5.5 Comparison to Recent CNN-to-FPGA Compilation Frameworks
We deployed our LAMP model on several state-of-the-art FPGA edge-based and cloud-based CNN frameworks and compared their performance; Table 6 reports the resource utilization and throughput of each framework.
| HLS4ML [11] | fpgaConvNet [40] | VTA [6] | FINN [39] | DPU | fpgaConvNet [40] | FINN [39] | DPU | |
|---|---|---|---|---|---|---|---|---|
| FPGA Platform | Ultra96 | Ultra96 | Ultra96 | Ultra96 | Ultra96 | Alveo U280 | Alveo U280 | Alveo U280 |
| Precision | fix-8 | fix-8 | int-8 | fix-4 | int-8 | fix-8 | mix | int-8 |
| DSPs | 256 | 220 | 186 | 220 | 326 | 451 | 1,865 | 2,600 |
| BRAMs | 132 | 164 | 152 | 101 | 174 | 230 | 412 | 628 |
| Throughput | 156 GOPS | 198 GOPS | 101 GOPS | 471 GOPS | 453 GOPS | 2.37 TOPS | 6.12 TOPS | 5.53 TOPS |
Table 6. Performance Comparison with Other FPGA-based Edge and Cloud DNN Deployment Frameworks
For the Ultra96-V2 board, the DPU column represents the results for the DPU integrated with our custom kernel using \(\mathsf {ultra\_fast\_sigmoid}\); for the Alveo card, we picked the high-throughput DPU with \(\mathsf {ultra\_fast\_sigmoid,}\) as this combination yielded the best performance in our prior experiments. FpgaConvNet achieved a throughput of 164 GOPS, outperforming both HLS4ML and VTA by 1.26\(\times\) and 1.96\(\times\), respectively. fpgaConvNet’s higher throughput seems to be due to its streaming architecture, which outperforms single computation engine frameworks for large batch sizes. fpgaConvNet also benefits from the design space exploration performed by the samo optimizer. While FINN outperforms fpgaConvNet and the DPU by 2.37\(\times\) and 1.03\(\times\), its low-precision architecture degrades accuracy by more than 30%, which we consider to be unacceptable from the application perspective.

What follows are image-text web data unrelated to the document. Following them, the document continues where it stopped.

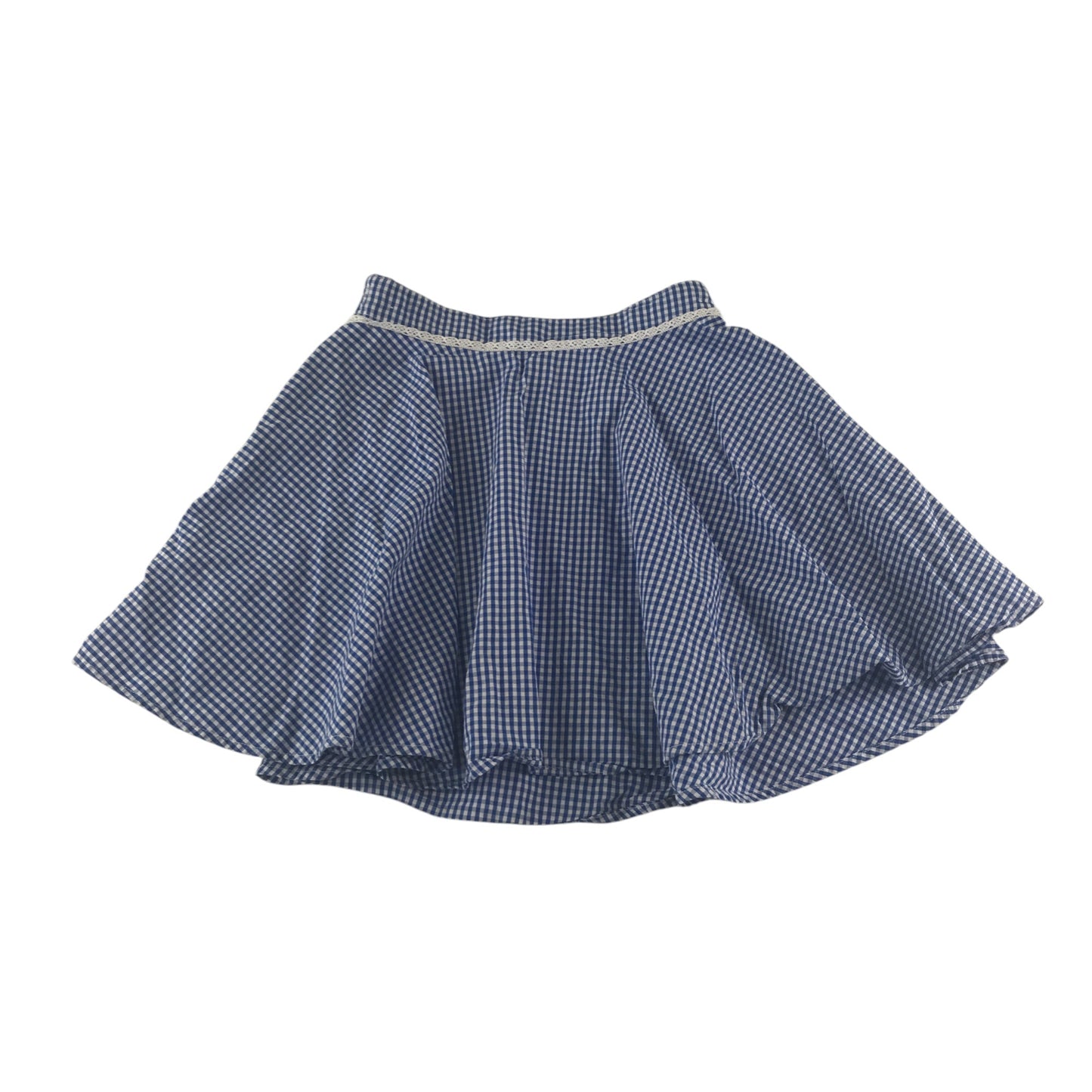 M&S school summer gingham skirt 6-7 years blue circle style cotton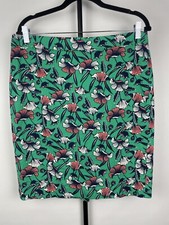 J by J Crew Green Poppy Floral Basketweave Cotton Pencil Skirt Size 10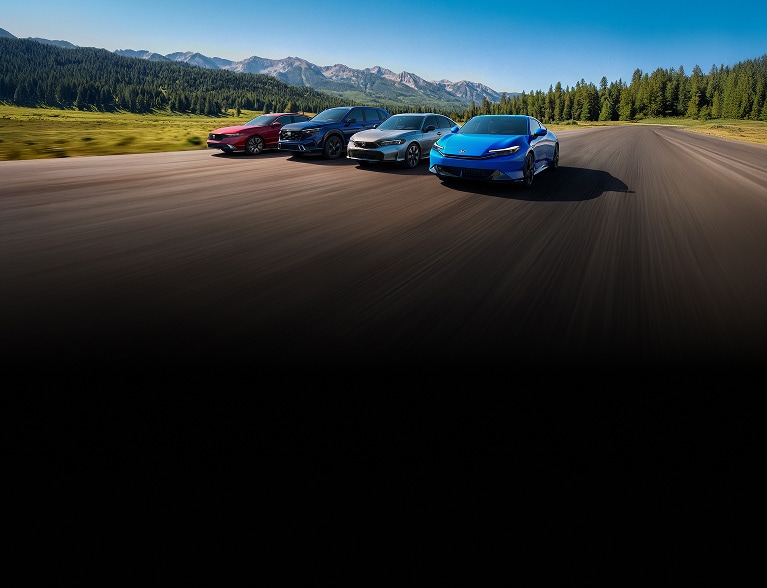 2027 Honda Electrification lineup, showing Civic Sedan, CR-V and Accord, driver's view cruising alone a road.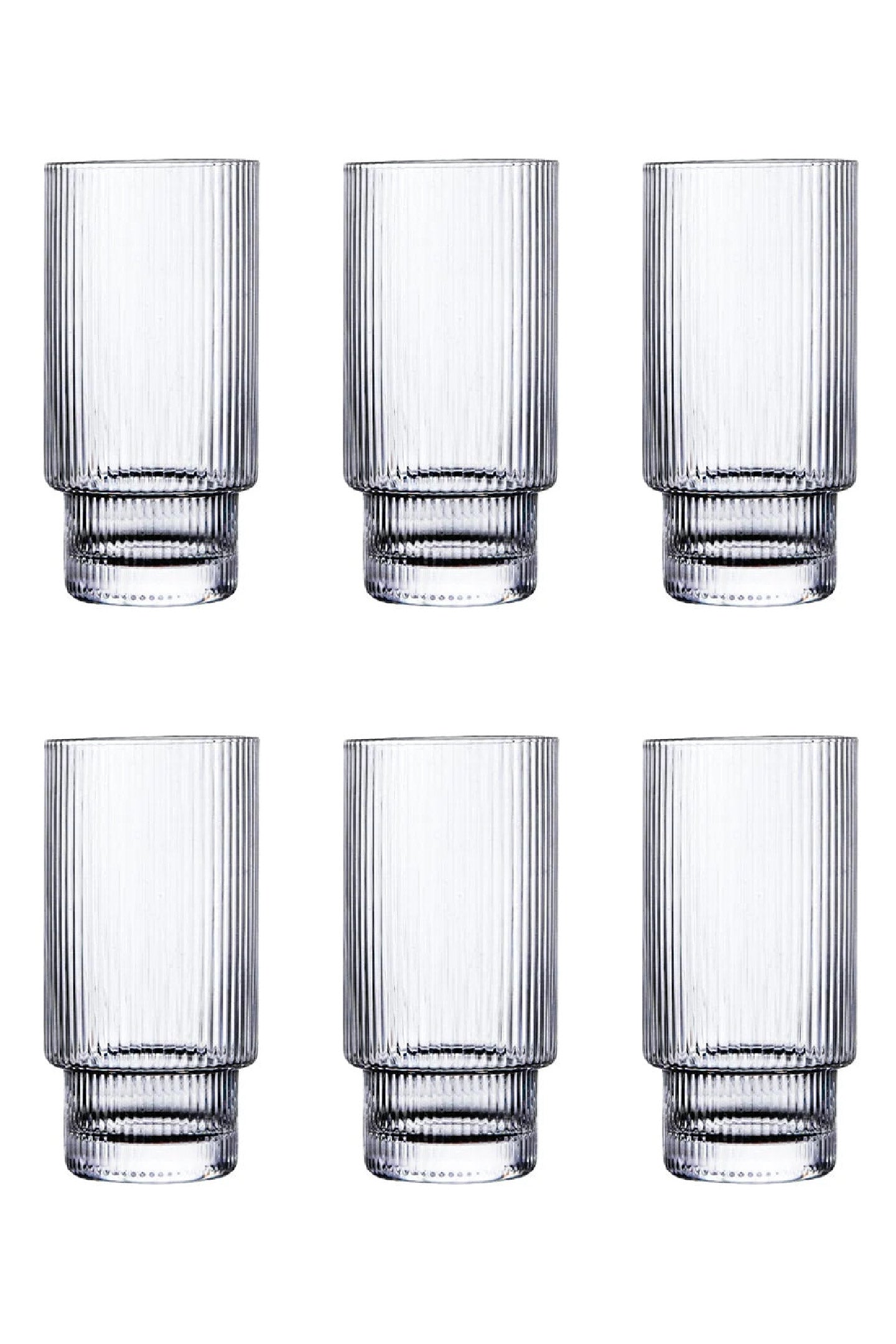 Ribbed Large Drinking Glass - Set Of 6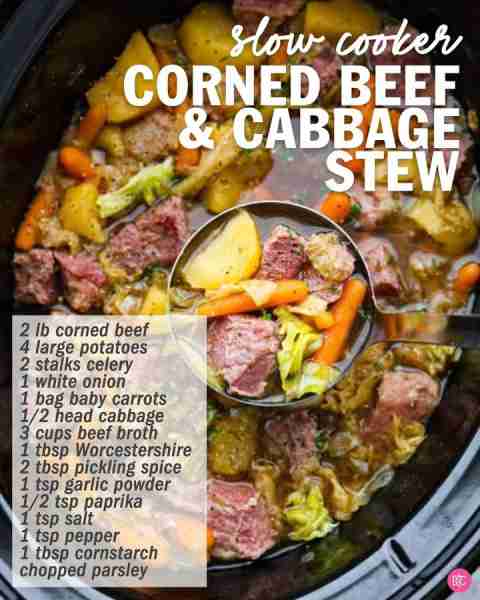 Recipe here: https://therecipecritic.com/slow-cooker-corned-beef-cabbage-stew/ Corned Beef and Cabba...
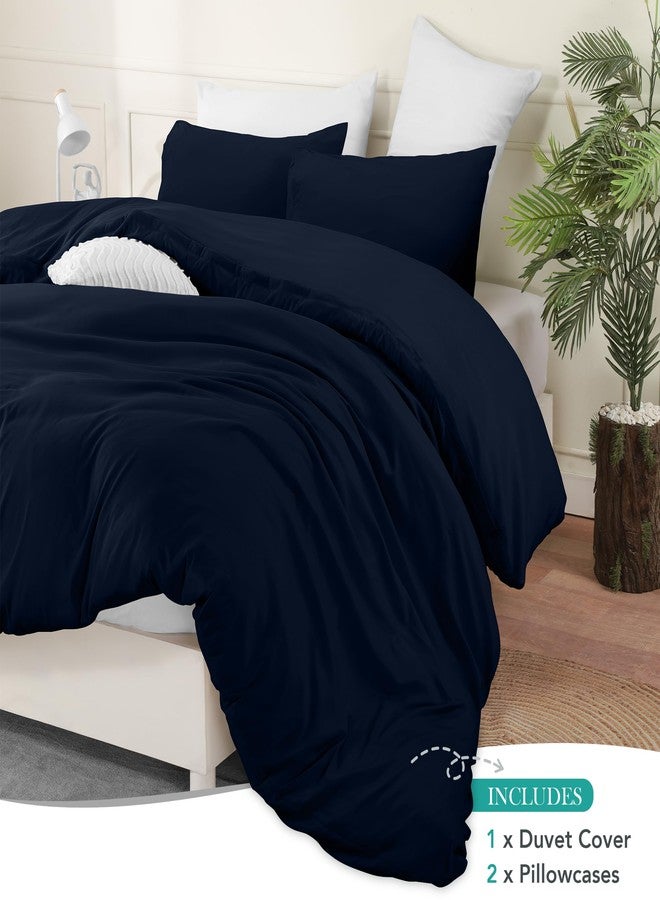 Utopia Bedding Duvet Cover Set with Pillowcases - 3 Pieces Bedding Duvet Cover with Zipper Closure - 1 Duvet Cover with 2 Pillowcases - Soft Brushed Microfiber (Queen, Navy) - Image 3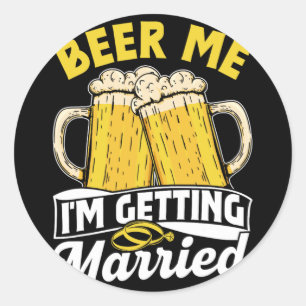 Sticker Rond Bière moi je me marie Groom Party mariée Bach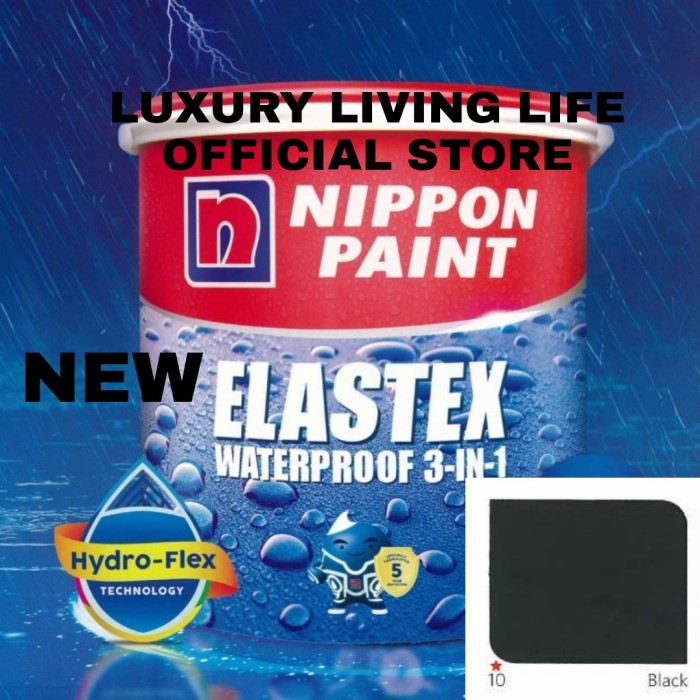PERTUKANGAN CAT & PERLENGKAPAN NIPPON ELASTEX 3 IN 1 AQUAPROOF TINTING 20KG BLACK 10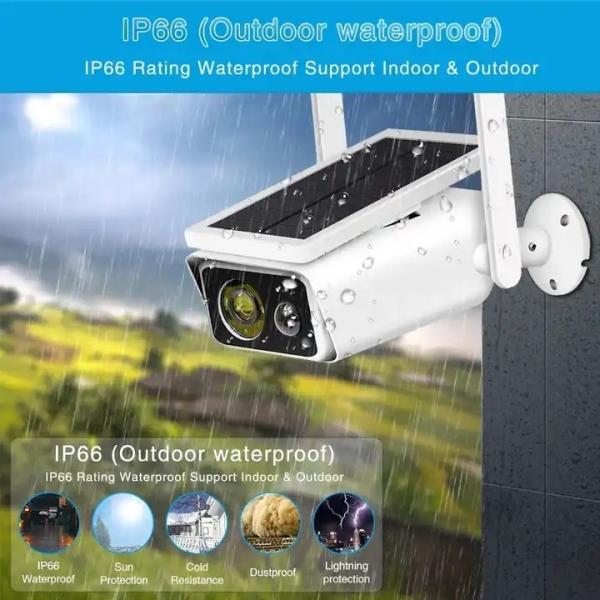 IP66 Solar Powered CCTV Camera Rechargeable Solar Panel Outdoor Security Camera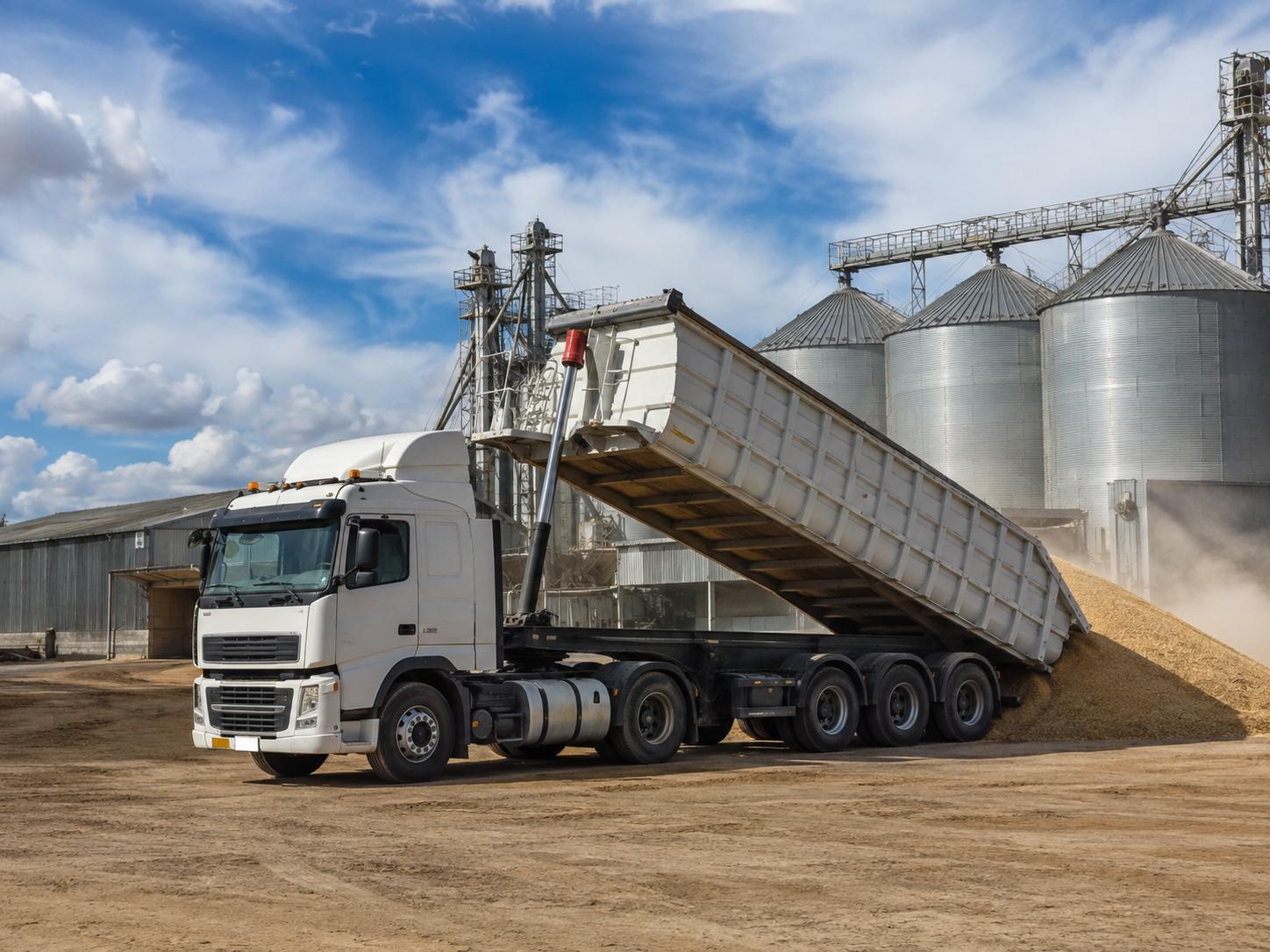 Camión basculante transportando y descargando mercancía a granel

On the Alveo card, the DPU outperforms fpgaConvNet by 2.33\(\times\); upon inspection, fpgaConvNet was unable to fully utilize the resources provided by the larger FPGA (in comparison to the Ultra96-V2). FINN achieved throughput 1.10\(\times\) higher than the DPU, while implementing an (almost) binary neural network, whose accuracy was around 55\(\%\), which is non-competitive for our purposes.
5.6 Case Study: Interpreting the FA-LAMP Output
The Matrix Profile can be computed using existing methods in an offline context [53], whereas LAMP is used to predict it on streaming data [54]. Regardless of how the Matrix Profile is obtained, subsequent post-processing steps are needed to extract actionable information from it.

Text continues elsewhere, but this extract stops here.